私を含めて本校の教員は、生徒たちを、人としてすばらしい女性になってほしいと思っています。「人としてすばらしい」という言葉は、男性にも通用する言葉ですが、女性には男性以上に協調性があり、共感し、人に寄り添える心があると言われています。このような女性特有の力を大切にする人は、誰からも好かれるのではないでしょうか。

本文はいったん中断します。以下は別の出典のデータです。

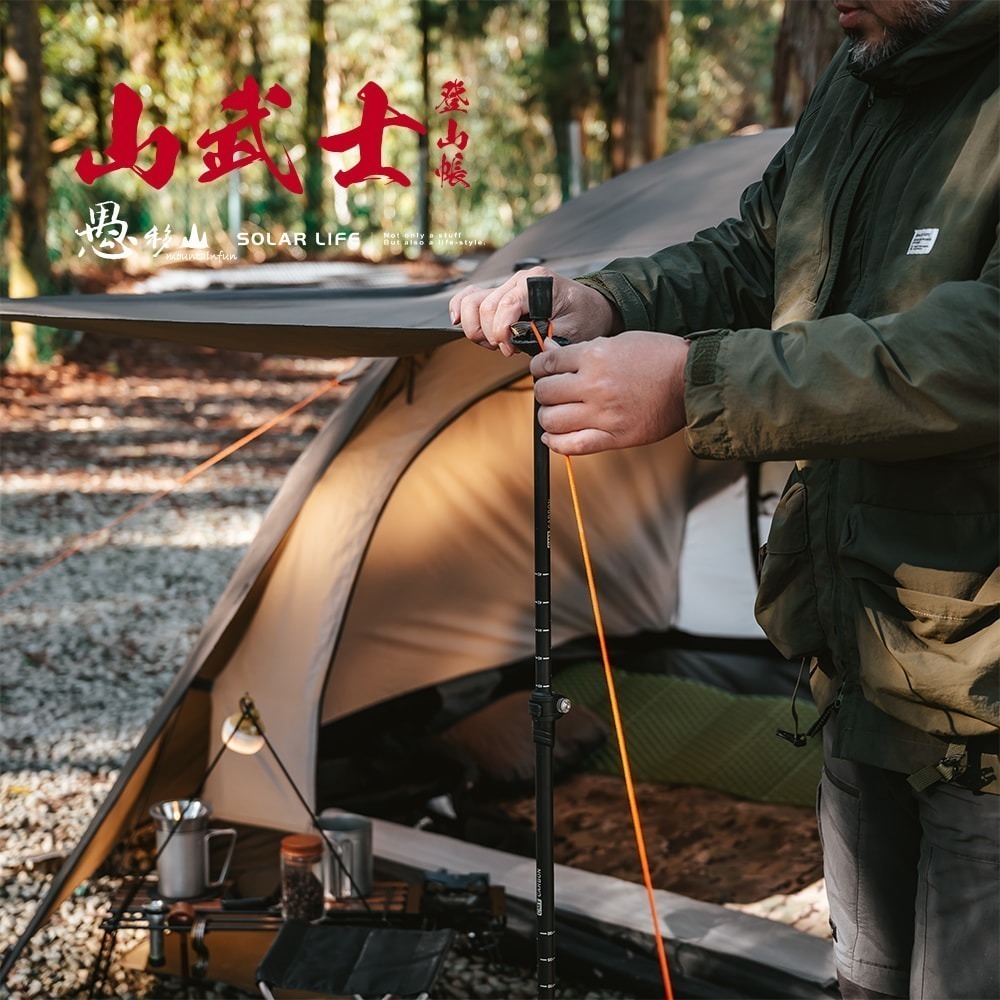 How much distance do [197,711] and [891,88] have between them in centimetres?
258

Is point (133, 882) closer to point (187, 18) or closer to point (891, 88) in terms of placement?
point (891, 88)

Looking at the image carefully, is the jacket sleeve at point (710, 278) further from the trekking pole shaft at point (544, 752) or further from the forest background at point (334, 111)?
the forest background at point (334, 111)

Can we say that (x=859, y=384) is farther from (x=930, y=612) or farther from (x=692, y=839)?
(x=692, y=839)

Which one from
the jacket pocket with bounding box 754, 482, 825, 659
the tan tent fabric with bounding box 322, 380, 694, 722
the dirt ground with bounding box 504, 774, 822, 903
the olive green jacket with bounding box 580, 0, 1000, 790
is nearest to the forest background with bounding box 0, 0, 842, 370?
the tan tent fabric with bounding box 322, 380, 694, 722

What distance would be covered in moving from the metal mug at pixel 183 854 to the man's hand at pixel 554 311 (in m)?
1.79

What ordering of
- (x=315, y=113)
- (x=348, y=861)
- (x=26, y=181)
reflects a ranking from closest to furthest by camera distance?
(x=348, y=861), (x=26, y=181), (x=315, y=113)

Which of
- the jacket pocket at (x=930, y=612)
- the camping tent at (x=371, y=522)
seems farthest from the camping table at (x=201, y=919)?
the jacket pocket at (x=930, y=612)

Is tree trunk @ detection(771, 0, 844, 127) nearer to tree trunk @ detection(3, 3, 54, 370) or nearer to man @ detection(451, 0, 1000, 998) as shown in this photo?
man @ detection(451, 0, 1000, 998)

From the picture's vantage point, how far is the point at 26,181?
1053cm

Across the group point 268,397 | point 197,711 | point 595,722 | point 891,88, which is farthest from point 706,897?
point 268,397

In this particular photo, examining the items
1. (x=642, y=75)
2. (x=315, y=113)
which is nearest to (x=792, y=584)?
(x=642, y=75)

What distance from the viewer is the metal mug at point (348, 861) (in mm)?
3082

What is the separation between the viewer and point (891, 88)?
1.52 meters

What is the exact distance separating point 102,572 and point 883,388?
19.3 feet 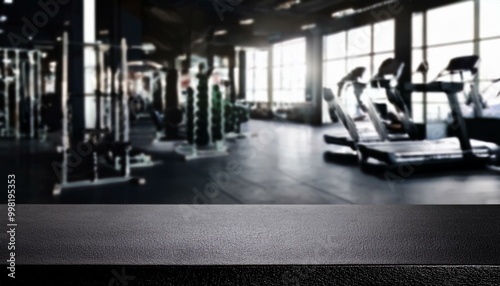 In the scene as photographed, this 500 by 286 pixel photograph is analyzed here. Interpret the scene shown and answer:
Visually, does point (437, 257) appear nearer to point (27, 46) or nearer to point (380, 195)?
point (380, 195)

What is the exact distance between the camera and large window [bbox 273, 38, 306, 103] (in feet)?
49.4

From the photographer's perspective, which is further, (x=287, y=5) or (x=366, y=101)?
(x=287, y=5)

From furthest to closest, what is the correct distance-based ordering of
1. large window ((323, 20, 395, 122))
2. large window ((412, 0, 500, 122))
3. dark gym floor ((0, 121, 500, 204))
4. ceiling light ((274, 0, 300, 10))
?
ceiling light ((274, 0, 300, 10)), large window ((323, 20, 395, 122)), large window ((412, 0, 500, 122)), dark gym floor ((0, 121, 500, 204))

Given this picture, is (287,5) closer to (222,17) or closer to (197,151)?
(222,17)

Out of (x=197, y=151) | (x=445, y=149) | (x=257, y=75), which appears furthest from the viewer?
(x=257, y=75)

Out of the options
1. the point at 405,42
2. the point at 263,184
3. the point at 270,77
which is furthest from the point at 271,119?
the point at 263,184

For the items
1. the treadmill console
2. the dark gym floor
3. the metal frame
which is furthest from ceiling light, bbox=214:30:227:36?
the treadmill console

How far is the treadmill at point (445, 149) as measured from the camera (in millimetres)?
5422

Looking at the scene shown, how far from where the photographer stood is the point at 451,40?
8883 millimetres

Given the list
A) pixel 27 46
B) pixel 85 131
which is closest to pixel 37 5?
pixel 27 46

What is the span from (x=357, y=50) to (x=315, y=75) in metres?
1.61

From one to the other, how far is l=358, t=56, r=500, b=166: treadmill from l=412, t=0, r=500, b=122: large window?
7.37 ft

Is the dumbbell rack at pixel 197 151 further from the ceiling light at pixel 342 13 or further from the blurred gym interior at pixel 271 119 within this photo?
the ceiling light at pixel 342 13

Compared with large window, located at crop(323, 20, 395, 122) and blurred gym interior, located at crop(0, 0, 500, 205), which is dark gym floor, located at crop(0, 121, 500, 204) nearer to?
blurred gym interior, located at crop(0, 0, 500, 205)
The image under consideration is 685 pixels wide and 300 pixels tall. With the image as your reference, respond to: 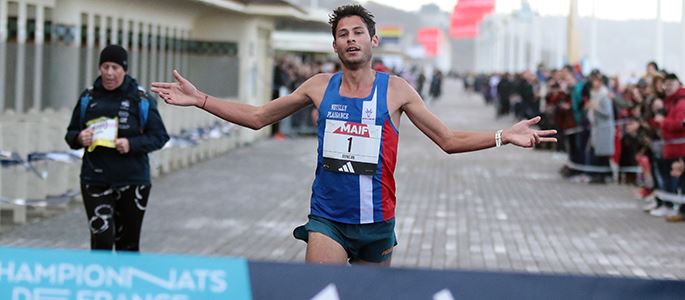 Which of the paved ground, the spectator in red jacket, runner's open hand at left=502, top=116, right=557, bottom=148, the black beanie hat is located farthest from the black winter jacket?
the spectator in red jacket

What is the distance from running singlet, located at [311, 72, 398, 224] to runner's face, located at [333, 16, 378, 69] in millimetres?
156

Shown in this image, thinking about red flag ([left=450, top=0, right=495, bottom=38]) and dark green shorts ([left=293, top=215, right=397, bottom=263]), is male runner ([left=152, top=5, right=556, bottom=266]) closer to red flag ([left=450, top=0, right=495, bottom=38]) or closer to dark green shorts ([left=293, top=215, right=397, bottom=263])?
dark green shorts ([left=293, top=215, right=397, bottom=263])

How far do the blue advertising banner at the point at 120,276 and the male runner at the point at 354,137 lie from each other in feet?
5.25

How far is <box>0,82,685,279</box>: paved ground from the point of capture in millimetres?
10992

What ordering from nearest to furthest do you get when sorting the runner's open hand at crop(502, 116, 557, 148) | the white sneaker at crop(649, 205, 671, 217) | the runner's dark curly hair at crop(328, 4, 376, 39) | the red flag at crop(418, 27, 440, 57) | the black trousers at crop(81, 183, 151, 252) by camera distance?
the runner's open hand at crop(502, 116, 557, 148), the runner's dark curly hair at crop(328, 4, 376, 39), the black trousers at crop(81, 183, 151, 252), the white sneaker at crop(649, 205, 671, 217), the red flag at crop(418, 27, 440, 57)

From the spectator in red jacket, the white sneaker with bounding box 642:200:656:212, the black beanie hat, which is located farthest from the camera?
the white sneaker with bounding box 642:200:656:212

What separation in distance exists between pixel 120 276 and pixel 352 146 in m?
1.84

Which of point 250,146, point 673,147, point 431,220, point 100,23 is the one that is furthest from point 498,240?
point 250,146

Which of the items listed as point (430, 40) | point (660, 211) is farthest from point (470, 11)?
point (430, 40)

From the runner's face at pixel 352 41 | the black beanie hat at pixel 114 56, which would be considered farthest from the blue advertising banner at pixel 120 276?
the black beanie hat at pixel 114 56

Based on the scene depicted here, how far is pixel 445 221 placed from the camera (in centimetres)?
1376

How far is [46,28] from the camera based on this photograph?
16.0 m

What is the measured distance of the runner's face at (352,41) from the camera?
5598 millimetres

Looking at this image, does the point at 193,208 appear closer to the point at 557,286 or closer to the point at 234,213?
the point at 234,213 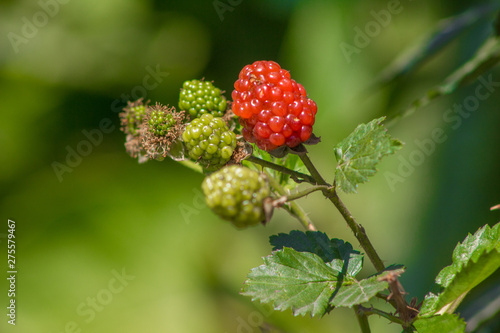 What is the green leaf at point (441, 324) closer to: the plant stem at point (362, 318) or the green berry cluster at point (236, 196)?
the plant stem at point (362, 318)

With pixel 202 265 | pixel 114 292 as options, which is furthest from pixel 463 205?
pixel 114 292

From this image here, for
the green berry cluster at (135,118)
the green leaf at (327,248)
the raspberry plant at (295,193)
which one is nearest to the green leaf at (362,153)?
the raspberry plant at (295,193)

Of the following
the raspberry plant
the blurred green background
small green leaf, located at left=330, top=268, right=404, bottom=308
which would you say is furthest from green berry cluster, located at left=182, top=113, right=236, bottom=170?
the blurred green background

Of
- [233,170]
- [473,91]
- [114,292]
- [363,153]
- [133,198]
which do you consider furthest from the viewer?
[133,198]

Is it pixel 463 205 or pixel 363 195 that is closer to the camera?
pixel 463 205

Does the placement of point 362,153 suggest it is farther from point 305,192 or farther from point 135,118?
point 135,118

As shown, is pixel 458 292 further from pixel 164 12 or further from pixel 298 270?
pixel 164 12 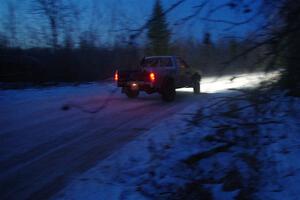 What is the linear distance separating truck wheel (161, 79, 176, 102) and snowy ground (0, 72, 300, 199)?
265 inches

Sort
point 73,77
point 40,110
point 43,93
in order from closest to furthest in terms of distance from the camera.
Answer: point 40,110 < point 43,93 < point 73,77

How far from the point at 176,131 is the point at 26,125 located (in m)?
4.05

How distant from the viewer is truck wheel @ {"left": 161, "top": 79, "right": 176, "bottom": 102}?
17.4m

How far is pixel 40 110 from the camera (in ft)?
47.6

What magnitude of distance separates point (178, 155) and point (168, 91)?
995cm

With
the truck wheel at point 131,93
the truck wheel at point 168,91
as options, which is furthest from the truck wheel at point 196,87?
the truck wheel at point 131,93

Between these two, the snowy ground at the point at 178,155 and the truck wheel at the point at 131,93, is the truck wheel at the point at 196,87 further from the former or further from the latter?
the snowy ground at the point at 178,155

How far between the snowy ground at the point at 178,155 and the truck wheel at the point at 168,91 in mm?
6728

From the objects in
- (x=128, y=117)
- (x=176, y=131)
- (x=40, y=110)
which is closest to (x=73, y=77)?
(x=40, y=110)

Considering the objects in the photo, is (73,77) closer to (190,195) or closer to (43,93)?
(43,93)

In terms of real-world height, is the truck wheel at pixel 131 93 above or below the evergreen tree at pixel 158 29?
below

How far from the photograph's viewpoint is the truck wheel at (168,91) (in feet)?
57.1

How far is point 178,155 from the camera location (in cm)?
764

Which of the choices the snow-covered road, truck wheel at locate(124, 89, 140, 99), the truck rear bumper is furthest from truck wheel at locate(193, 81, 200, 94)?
the truck rear bumper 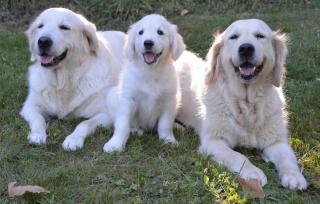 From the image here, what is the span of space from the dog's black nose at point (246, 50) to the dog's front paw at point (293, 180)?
33.4 inches

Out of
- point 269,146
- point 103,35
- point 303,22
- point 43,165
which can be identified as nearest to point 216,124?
point 269,146

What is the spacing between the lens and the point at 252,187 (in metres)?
3.27

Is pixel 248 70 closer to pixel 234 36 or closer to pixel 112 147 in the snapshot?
pixel 234 36

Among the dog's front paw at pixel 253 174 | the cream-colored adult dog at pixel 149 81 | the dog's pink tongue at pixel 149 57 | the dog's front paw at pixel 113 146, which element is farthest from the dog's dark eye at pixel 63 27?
the dog's front paw at pixel 253 174

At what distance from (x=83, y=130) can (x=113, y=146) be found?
15.4 inches

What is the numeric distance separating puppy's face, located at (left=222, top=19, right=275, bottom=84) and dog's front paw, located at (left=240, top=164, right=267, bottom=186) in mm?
701

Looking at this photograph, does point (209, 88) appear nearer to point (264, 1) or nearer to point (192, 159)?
point (192, 159)

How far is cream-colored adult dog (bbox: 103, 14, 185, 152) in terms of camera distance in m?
4.06

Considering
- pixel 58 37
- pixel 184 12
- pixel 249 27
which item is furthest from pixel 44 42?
pixel 184 12

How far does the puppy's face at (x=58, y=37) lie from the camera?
4.39 metres

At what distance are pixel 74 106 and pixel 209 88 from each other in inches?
47.8

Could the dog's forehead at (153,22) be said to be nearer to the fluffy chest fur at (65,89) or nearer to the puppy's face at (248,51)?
the puppy's face at (248,51)

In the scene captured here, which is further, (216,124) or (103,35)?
(103,35)

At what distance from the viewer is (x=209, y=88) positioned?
4.23 m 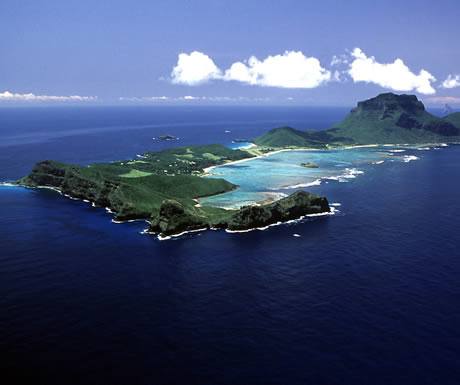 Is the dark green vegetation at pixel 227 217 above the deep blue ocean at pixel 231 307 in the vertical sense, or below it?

6年間でそれぞれの強みを伸ばして揺るぎない自信をまとい、女性として強く、たくましく、しなやかに生きていく力を養いたい。本校は、これまでもこれからもそんな学校でありたいと思っています。

受験生へのメッセージ

中高時代は、人生の中で最も敏感で多感で、成長する時期です。本校では、生徒一人ひとりに真剣に向き合い、夢やあこがれなど、さまざまな思いをしっかり受け止めます。卒業するときには、「松蔭で良かった。松蔭が大好き」と、笑顔で羽ばたいてほしいと思っています。

こんな学校です
1892年(明治25年)、現在の神戸北野異人館街に、英国国教会から派遣された宣教師たちによって開校されました。開校当初から現在も女子教育にこだわり、「娘のように、妹のように」を教育理念として、大らかな心で生徒たちを包み込む「オープンハート」な校風で、多く人材を輩出してきました。最近では、「女高生が社会を変える」というキャッチコピーで、高3の環境問題をテーマとした取り組み『ブルーアースプロジェクト』が注目されています。